Prompt Caching in the Claude API: A Production Guide

Developers Digest•April 29, 2026•11 min read

Claude API Anthropic SDK Prompt Caching Cost Optimization Performance

TL;DR

Cut Claude API spend by up to 90% with prompt caching. Real numbers, TypeScript SDK code, and the gotchas Anthropic's docs gloss over.

The 90% Discount Most Teams Are Leaving On The Table

Every team I have looked at running Claude in production with a system prompt over 2k tokens is paying full freight on tokens they could be getting for a tenth of the price. Prompt caching has been generally available on the Anthropic API for over a year, and it is still the single biggest cost lever most apps have not pulled. Once you set it up correctly, cached input tokens cost about 10% of normal input tokens on read, and your time-to-first-token on a long-context call drops from seconds to a few hundred milliseconds.

This guide is the version of the docs I wish I had the first time I shipped a caching layer to production. We will cover what the cache actually does, when it pays off, the SDK code you should ship, the cache-invalidation footguns, and how to monitor hit rate so you actually realize the savings instead of assuming them.

We covered the basics in our Prompt Caching Explained video on YouTube. This post is the long-form, production-grade companion.

What Prompt Caching Actually Does

Anthropic's prompt cache is a server-side, ephemeral cache keyed on the exact byte sequence of your prompt prefix. When you mark a block with cache_control: { type: "ephemeral" }, the API stores the model's internal state at that breakpoint. The next request that arrives within the TTL with the same prefix up to that breakpoint hits the cache.

There are two TTL options:

5-minute cache — default, no extra cost on write, ~10% of input cost on read
1-hour cache — costs 2x normal input on write, ~10% of input on read

Cache writes are slightly more expensive than a normal call. Cache reads are dramatically cheaper. The math is simple: if you reuse the same prefix more than once or twice within the TTL window, caching wins. If you do not, it loses.

What the docs do not loudly say:

The cache is a prefix cache. It matches from the start of your messages array. Change a single token before a cache breakpoint and the entire downstream cache is invalidated.
You get up to four cache breakpoints per request. Most apps need two: one after the system prompt, one after the static document context.
Cache hits are not all-or-nothing. A request can hit the first breakpoint, miss the second, and you pay the cache-read price for the first chunk plus the cache-write price for the second.
The minimum cacheable block is 1024 tokens for Sonnet and Opus, 2048 for Haiku. Cache anything smaller and you silently pay normal price.

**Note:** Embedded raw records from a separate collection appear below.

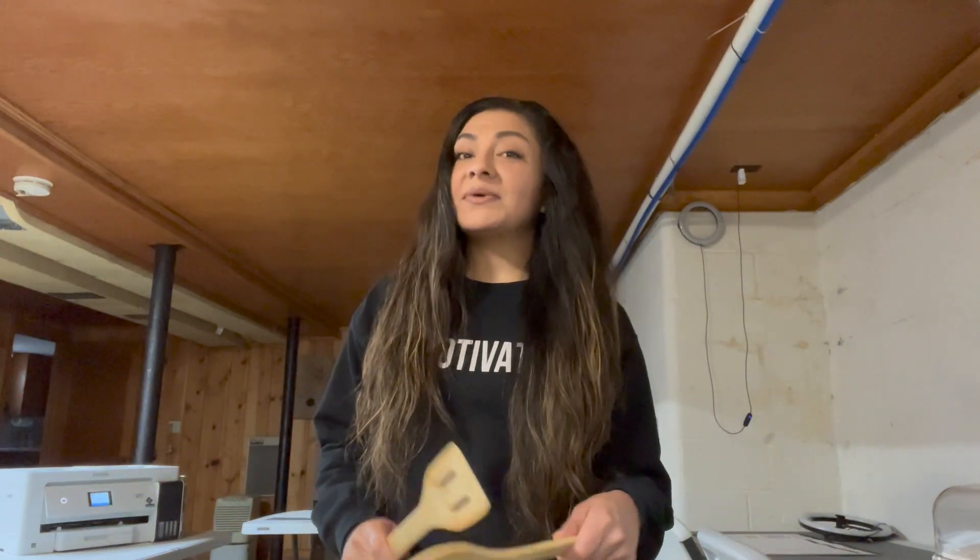Hey guys, welcome back to another video. Thank you guys for coming to watch this video.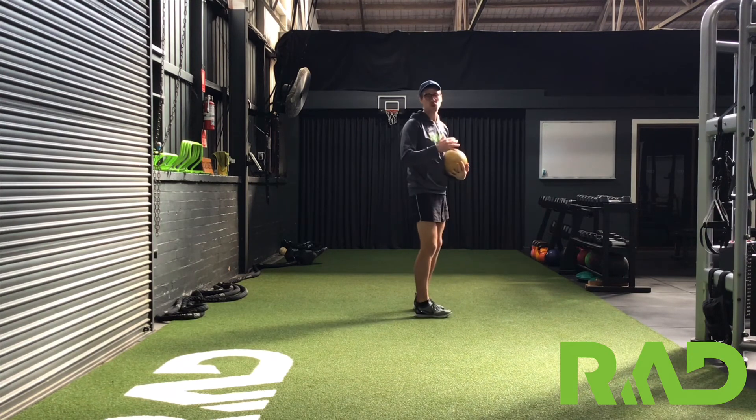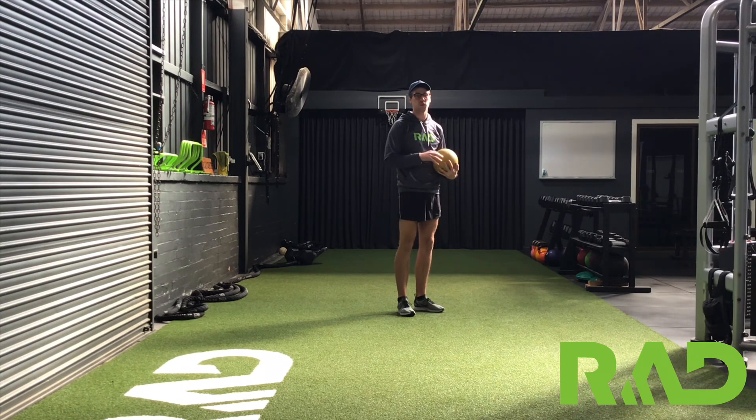Obviously trying to be really careful that we're not hitting ourselves with the ball. Wait for it to bounce, then catch it after that.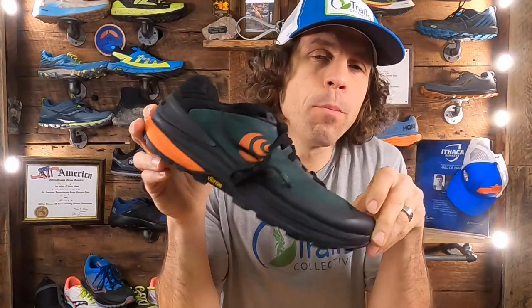Hey Trails Collective, Ian here with the long course review of the Toppo UltraVenture Pro.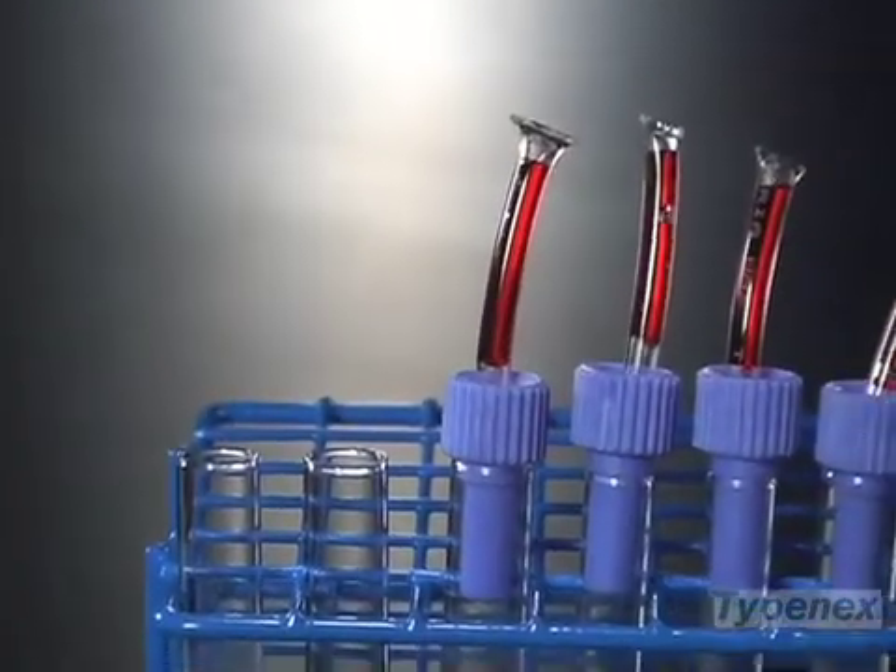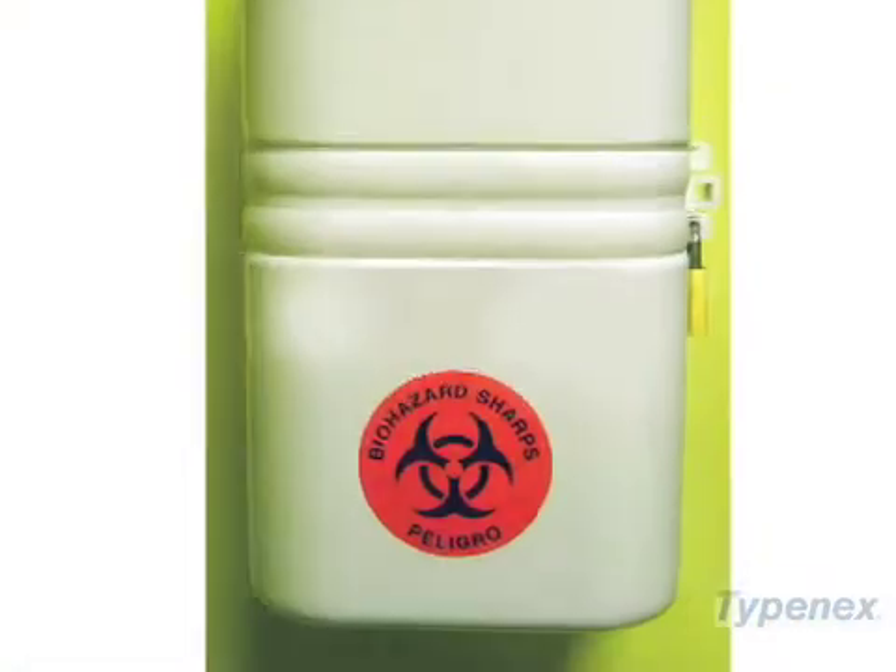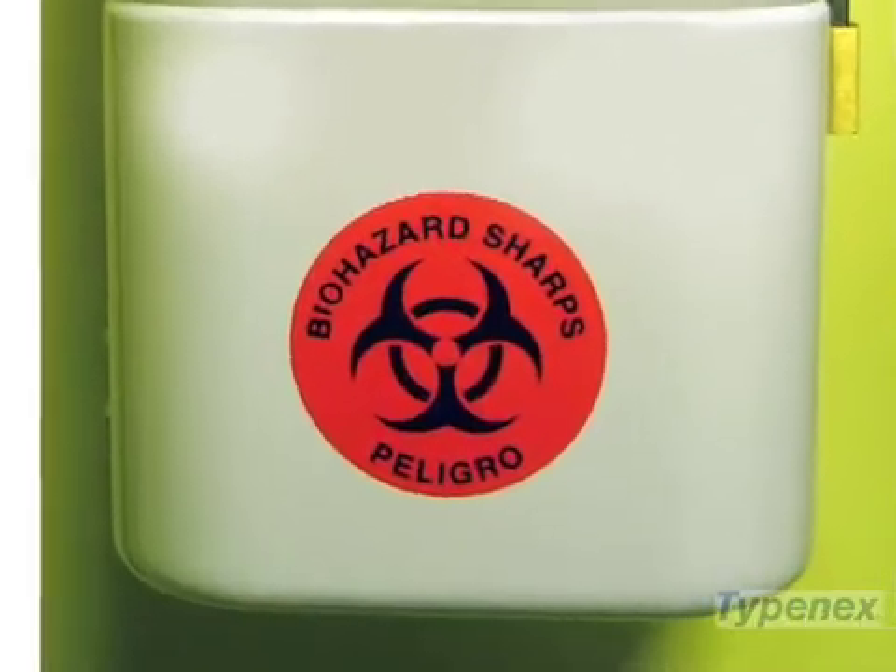When the desired sample has been dispersed into the test tube, remove the blood segment and the Typesafe device. Properly dispose of both items in designated hazardous medical waste receptacles.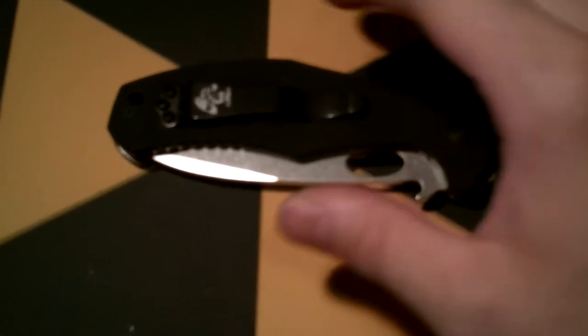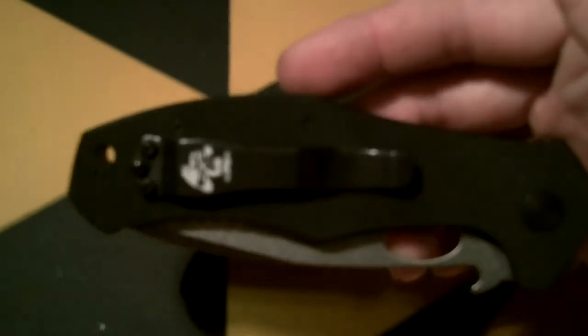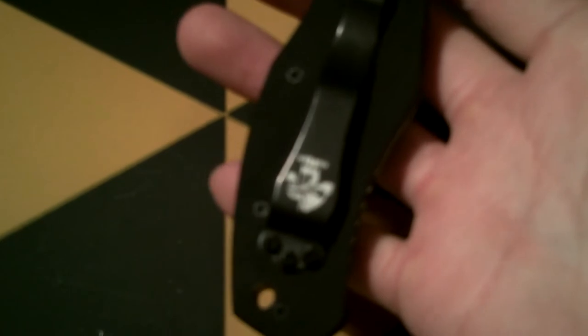What's going on guys — just wanted to show a little bit of minor pimpage to my Emerson CQC-10. I added an Emerson skull clip; looks pretty cool. It's a way of personalizing it, adding some coolness to it. I like it.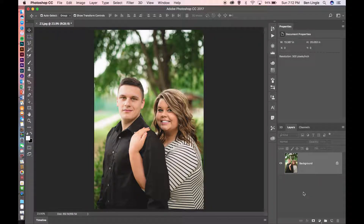Hey guys, Ben Lingo here. I just wanted to make a quick video showing you how I edit my photos and get them ready for printing by sharpening them. Now there are a lot of different methods for sharpening your photos for print, but this is the one that I use the most and I find it's the most effective. So let's get right into it.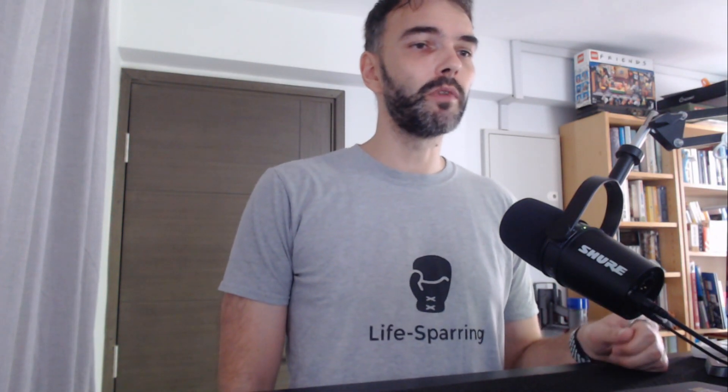Hi, this is Fabian from livespiring.com. If you've followed my channel previously or have seen videos before, you know I usually cover topics around self-improvement, and very often this includes reviews of devices and apps to measure body data and help you potentially improve something in your life.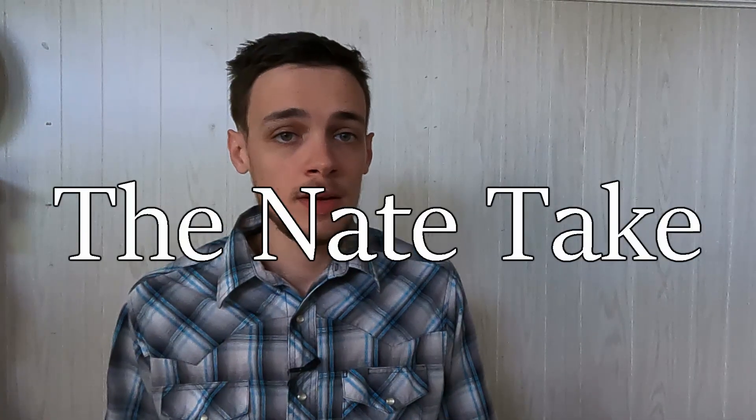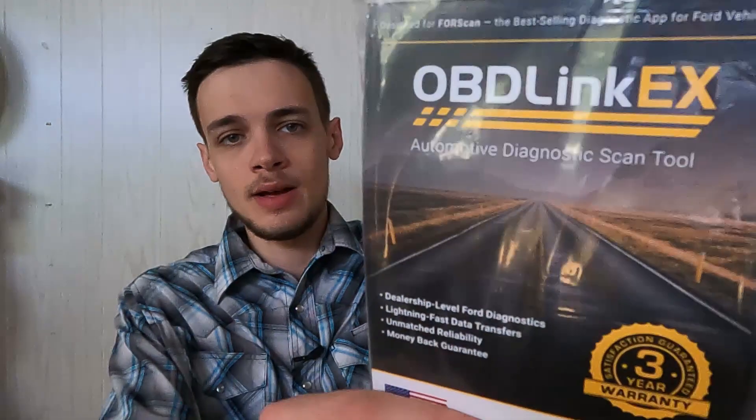Hey guys, welcome to The Nate Take. My name is Nathan, and today I'm going to be telling you why I think the OBD-Link EX scan adapter is the best option for your Ford.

When Caching Wins, And When It Is Just Overhead

The break-even is roughly: if a prefix is reused more than once or twice within five minutes, cache it. Specific scenarios where the ROI is obvious:

Long system prompts and skills. Anything over 2k tokens that ships on every call.
RAG with stable document context. Retrieved chunks that are the same across a multi-turn conversation.
Multi-turn chat. The conversation history grows; the early turns are stable. Cache up to the last assistant turn.
Batch document analysis. Same instructions, different documents. Cache the instructions.
Agent loops. Tool definitions and the system prompt are identical across iterations.

Where caching is overhead:

One-shot single-user queries where the prompt will not repeat.
Highly dynamic prompts where every request changes the early tokens (e.g., putting a timestamp at the top of the system prompt — yes, people do this).
Sub-1024-token prompts. Below the floor, it is a no-op.

Get the weekly deep dive

Tutorials on Claude Code, AI agents, and dev tools - delivered free every week.

The TypeScript Code You Should Actually Ship

Here is a minimal but production-shaped example using the official Anthropic SDK. It caches a long system prompt and a static knowledge-base block, leaving the user message uncached.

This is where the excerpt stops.